TASK DIRECTIONS >> Would you mind restating all of the records word for word, skipping the pictures?

[[ RECORDS open ]]

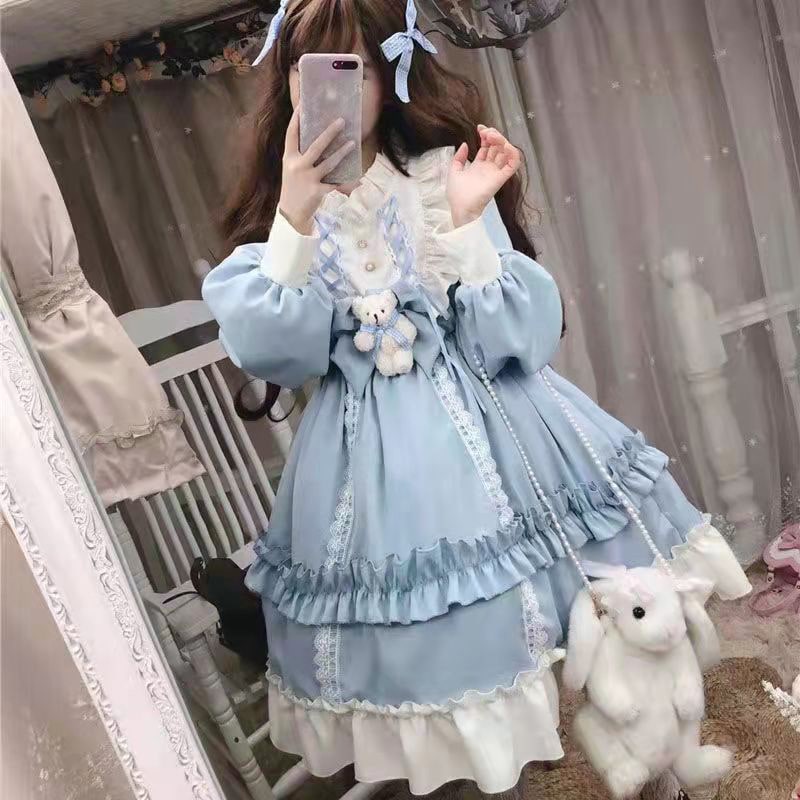 https://fulmo-img-server.com/lolis/3b82a44f4d6d996ba310dda1963d7ca9.jpg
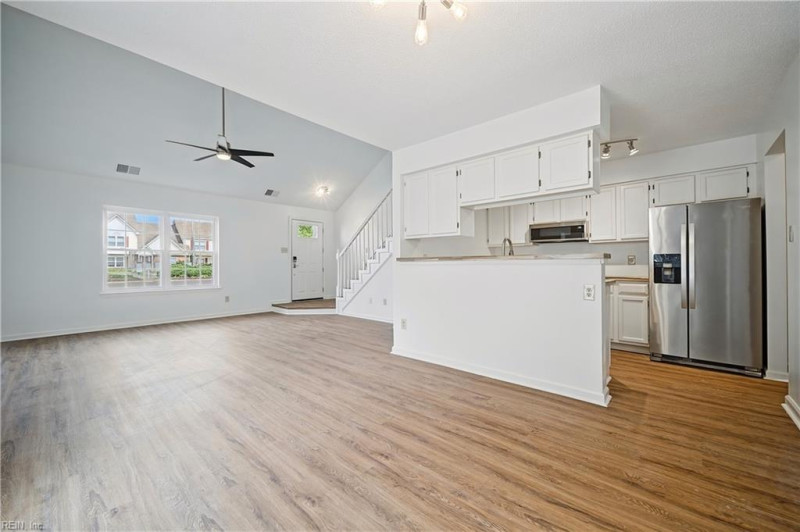 Photo 6 of 39 residential for sale in Chesapeake virginia Photo 6 of 39 residential for sale in Chesapeake virginia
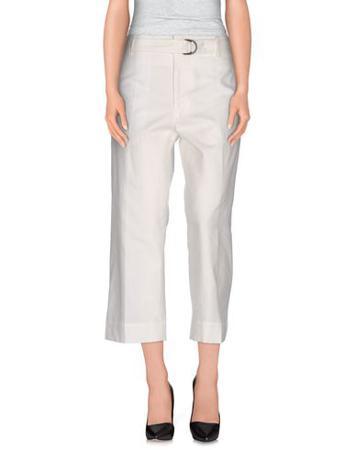 Брюки ISABEL MARANT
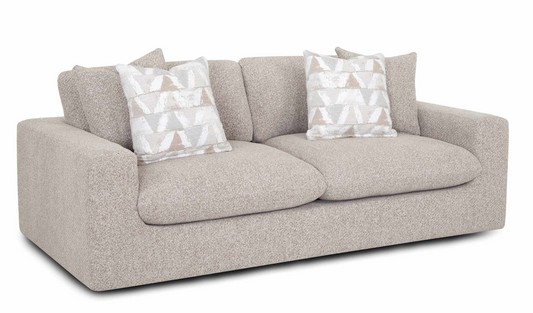 Lake Sofa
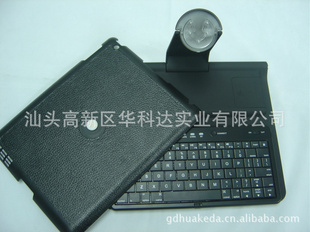 תɲжIPAD2֧7Ʒ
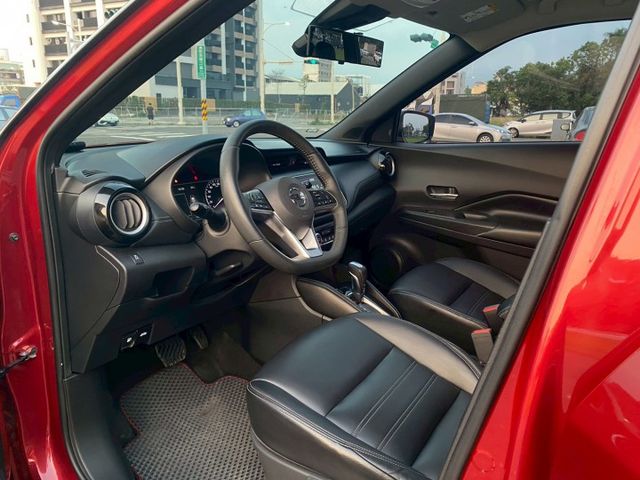 優惠賞車專線  第11張相片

[[ RECORDS closed ]]

EXERCISE SOLUTION >>
 https://fulmo-img-server.com/lolis/3b82a44f4d6d996ba310dda1963d7ca9.jpg
 Photo 6 of 39 residential for sale in Chesapeake virginia Photo 6 of 39 residential for sale in Chesapeake virginia
 Брюки ISABEL MARANT
 Lake Sofa
 תɲжIPAD2֧7Ʒ
 優惠賞車專線  第11張相片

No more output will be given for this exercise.